The National Convention
The National Convention was a single-chamber assembly in France from September 20, 1792 to October 26, 1795 during the French Revolution. It succeeded the Legislative Assembly and founded the First Republic after the Insurrection of August 10, 1792. The Legislative Assembly decreed the provisional suspension of King Louis XVI and the convocation of a National Convention which was to draw up a constitution. At the same time it was decided that deputies to that convention should be elected by all Frenchmen twenty-five years old or more, domiciled for a year and living by the product of their labor. The National Convention was therefore the first French assembly elected by universal male suffrage, without distinctions of class.
The election took place in September 1792. Owing to the abstention of aristocrats and anti-republicans and the fear of victimization, the voter turnout was low – 11.9% of the electorate. The universal male suffrage had thus very little impact and the voters elected largely the same sort of men that the active citizens had chosen in 1791. 75 members had sat in the National Constituent Assembly and 183 in the Legislative Assembly. The full number of deputies was 749, not counting 33 from the French colonies, of whom only some arrived in Paris.
According to its own ruling, the Convention elected its President, who was eligible for re-election, every fortnight. For both legislative and administrative purposes, the Convention used committees, with powers regulated by successive laws.
Girondins v. Montagnards
Most historians divide the National Convention into two main factions: the Girondins and the Mountain or the Montagnards (in this context, also referred to as Jacobins). The Girondins represented the more moderate elements of the Convention and protested the vast influence held in the Convention by Parisians. The Montagnards, representing a considerably larger portion of the deputies, were much more radical and held strong connections to the sans-culottes of Paris. Traditionally, historians have also identified a centrist faction called the Plain, but many historians tend to blur the line between the Plain and the Girondins.
Within days, the Convention was overtaken by factional conflicts. Girondins were convinced that their opponents aspired to a bloody dictatorship, while the Montagnards believed that Girondins were ready for any compromise with conservatives, and even royalists, that would guarantee their remaining at power. The bitter enmity soon paralyzed the Convention. The political deadlock, which had repercussions all over France, eventually drove both major factions to accept dangerous allies, royalists in the case of Girondins and the sans-culottes in that of the Montagnards. In June 1792, 80,000 armed sans-culottes surrounded the Convention. After an attempt of deputies to leave collided with guns, the deputies resigned themselves to declare the arrest of 29 leading Girondins and thus the Girondins ceased to be a political force.
Throughout the winter of 1792 and spring of 1793, Paris was plagued by food riots and mass hunger. The new Convention, occupied mostly with matters of war, did little to remedy the problem until late spring of 1793. In April 1793, the Convention created the Committee of Public Safety (later headed by Maximilien Robespierre) and was given a monumental task of dealing with radical movements, food shortages, riots and revolts (most notably in the Vendée and Brittany), and recent defeats of its armies. In response, the Committee of Public Safety instated a policy of terror and perceived enemies of the republic were persecuted at an ever-increasing rate. The period of the Committee's dominance during the Revolution is known today as the Reign of Terror.
The Marseillais volunteers departing, sculpted on the Arc de Triomphe.
"La Marseillaise" is the national anthem of France. The song was written in 1792 by Claude Joseph Rouget de Lisle in Strasbourg after the declaration of war by France against Austria. The National Convention adopted it as the Republic's anthem in 1795. It acquired its nickname after being sung in Paris by volunteers from Marseille marching on the capital.

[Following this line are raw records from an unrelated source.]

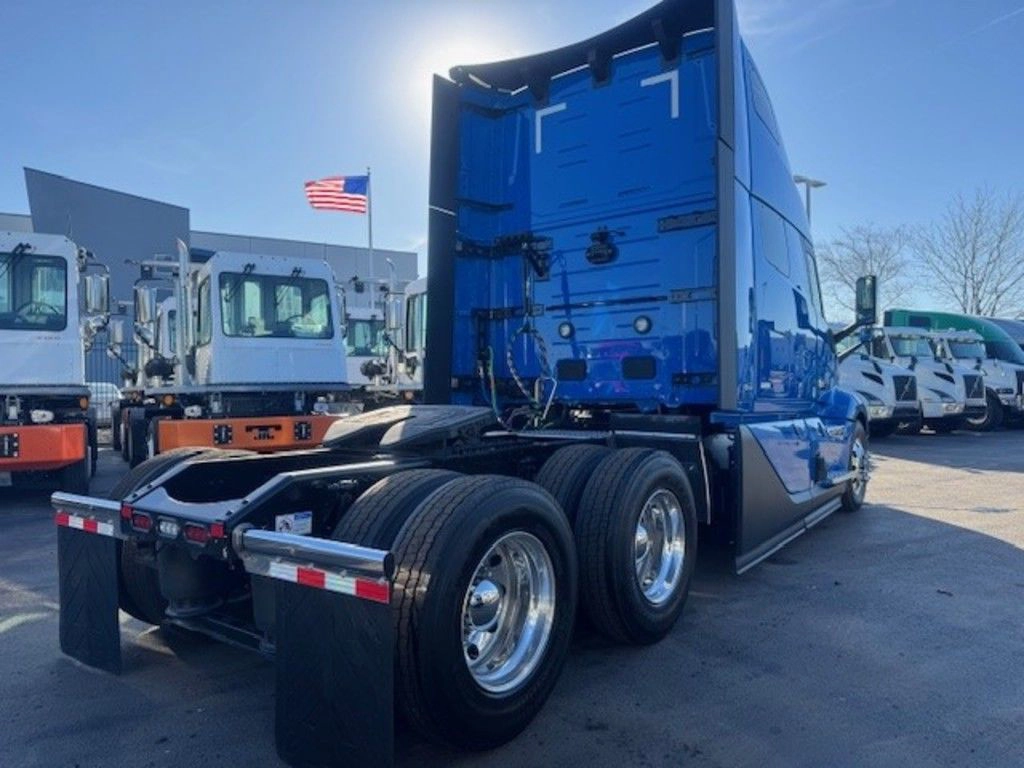 A blue semi-truck cab with gleaming silver wheels is parked in a lot, flanked by white trucks. An American flag waves in the clear blue sky.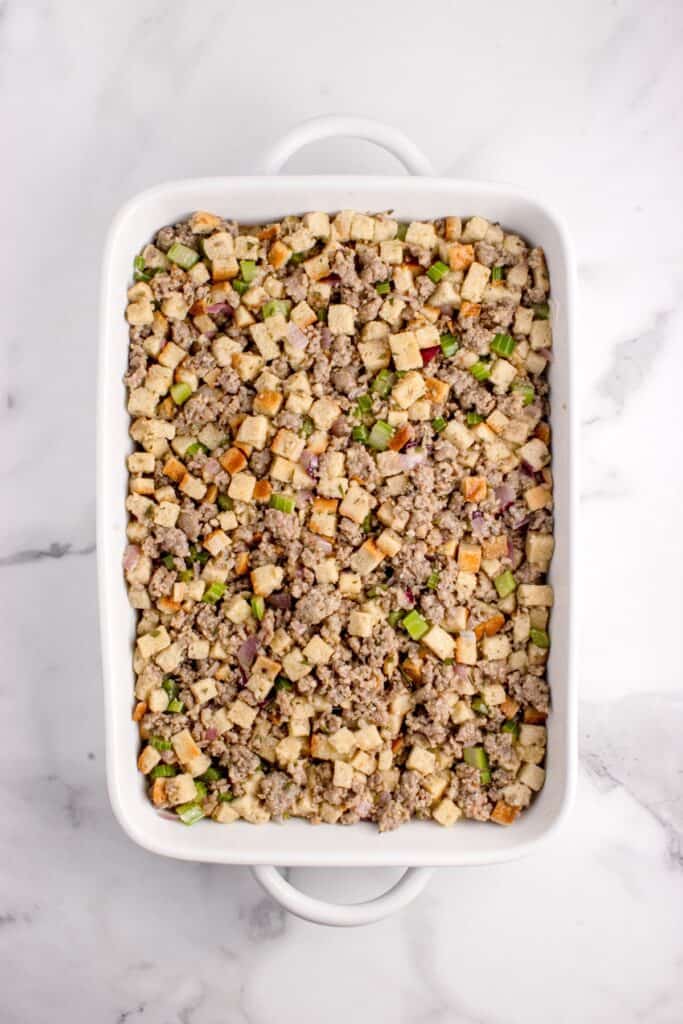 Uncooked sausage stuffing in a white baking dish.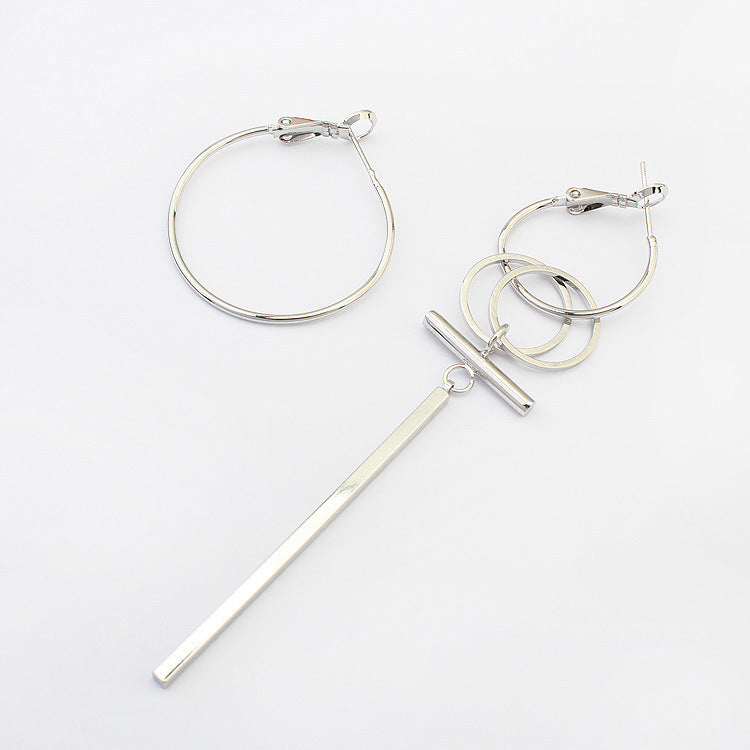 A pair of stylish asymmetric hoops and stick earrings made from alloy, showcasing a modern design with a unique shape.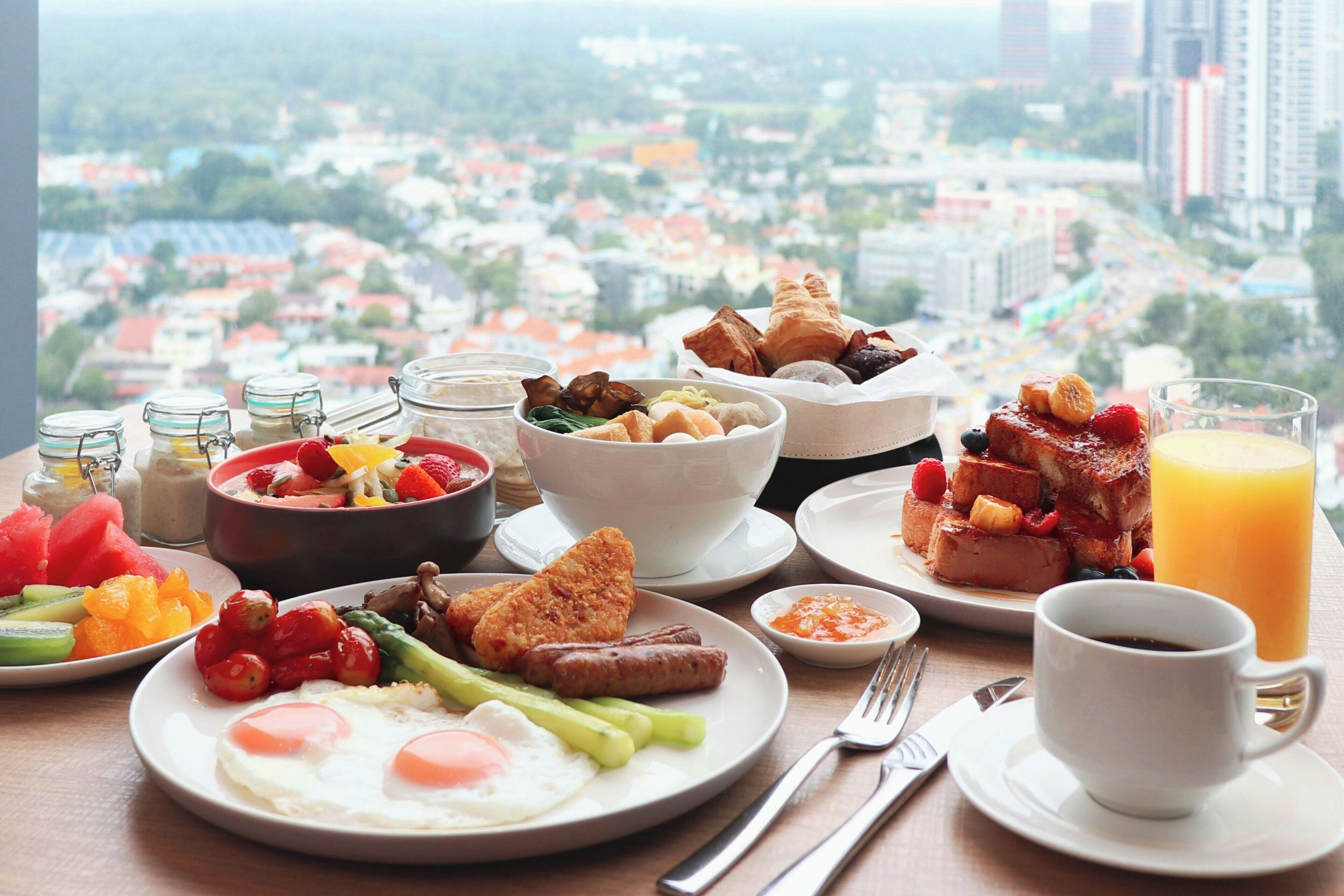 A breakfast table with various dishes, a cup of coffee, and a glass of orange juice.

Despite growing discontent with the National Convention as a ruling body, in June the Convention drafted the Constitution of 1793, which was ratified by popular vote in early August. However, the Committee of Public Safety was seen as an "emergency" government and the rights guaranteed by the 1789 Declaration of the Rights of Man and Citizen and the new constitution were suspended under its control. The Committee carried out thousands of executions against supposed enemies of the young Republic. Its laws and policies took the revolution to unprecedented heights—they introduced the revolutionary calendar in 1793, closed churches in and around Paris as a part of a movement of dechristianization, tried and executed Marie Antoinette, and instituted the Law of Suspects, among others. Members of various revolutionary factions and groups were executed including the Hébertists and the Dantonists.
Shortly after a decisive military victory over Austria at the Battle of Fleurus, Robespierre was overthrown in July 1794 and the reign of the standing Committee of Public Safety was ended. After the arrest and execution of Robespierre, the Jacobin club was closed, and the surviving Girondins were reinstated (Thermidorian Reaction). A year later, the National Convention adopted the Constitution of 1795. They reestablished freedom of worship, began releasing large numbers of prisoners, and most importantly, initiated elections for a new legislative body. On November 3, 1795, the Directory - a bicameral parliament - was established and the National Convention ceased to exist.